## EXERCISE DATA
########

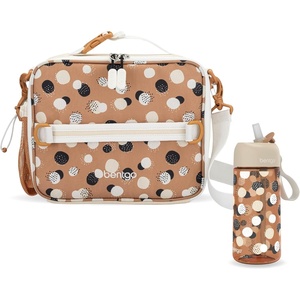 Bentgo Kids Prints Lunch Bag Set With Water Bottle (Spots & Dots)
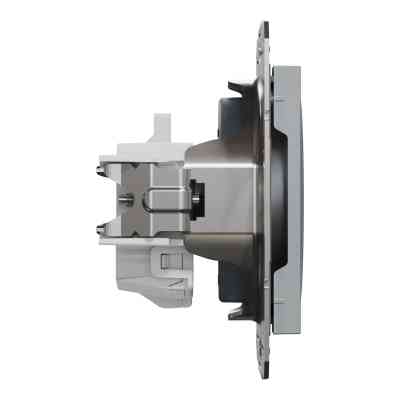 Розетка Schneider Electric ASFORA без заземлення сталь (EPH3000162) Винница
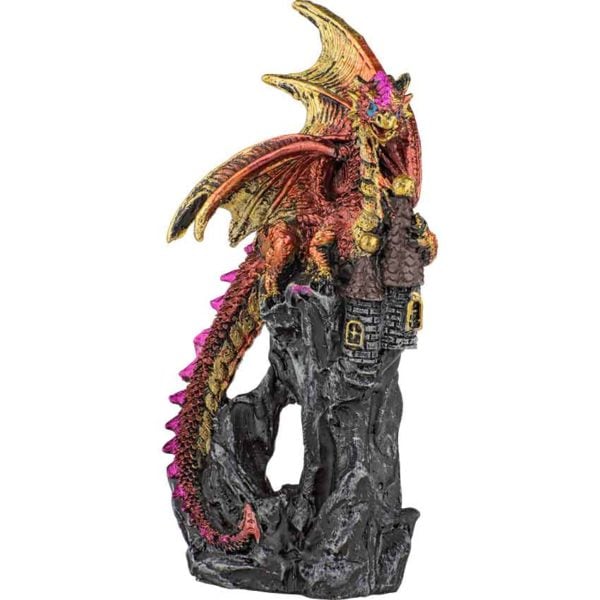 Crimson Dragon on Castle Statue
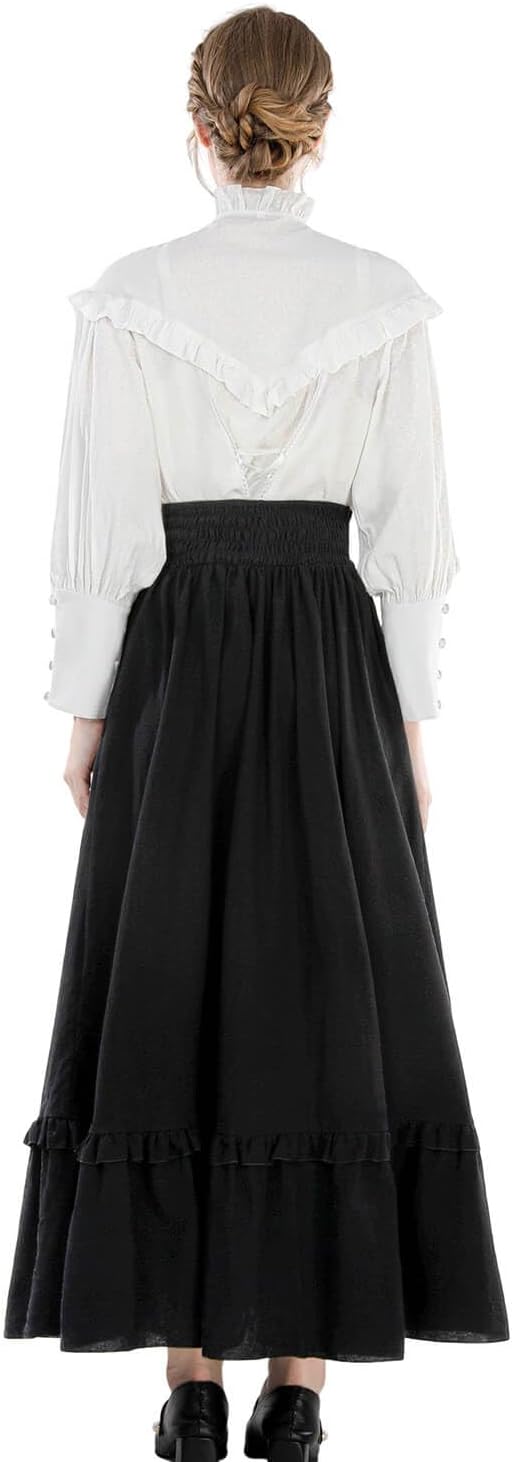 Nuoqi Womens Victorian Dress Costume 2-Piece Medieval Renaissance Dress Edwardian Blouse Skirt Set - Image 5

########

## DIRECTIONS FOR THIS TASK
A word-for-word copy of all the data, without pictures, is the expected output.

## RESULT FOR THIS TASK
 Bentgo Kids Prints Lunch Bag Set With Water Bottle (Spots & Dots)
 Розетка Schneider Electric ASFORA без заземлення сталь (EPH3000162) Винница
 Crimson Dragon on Castle Statue
 Nuoqi Womens Victorian Dress Costume 2-Piece Medieval Renaissance Dress Edwardian Blouse Skirt Set - Image 5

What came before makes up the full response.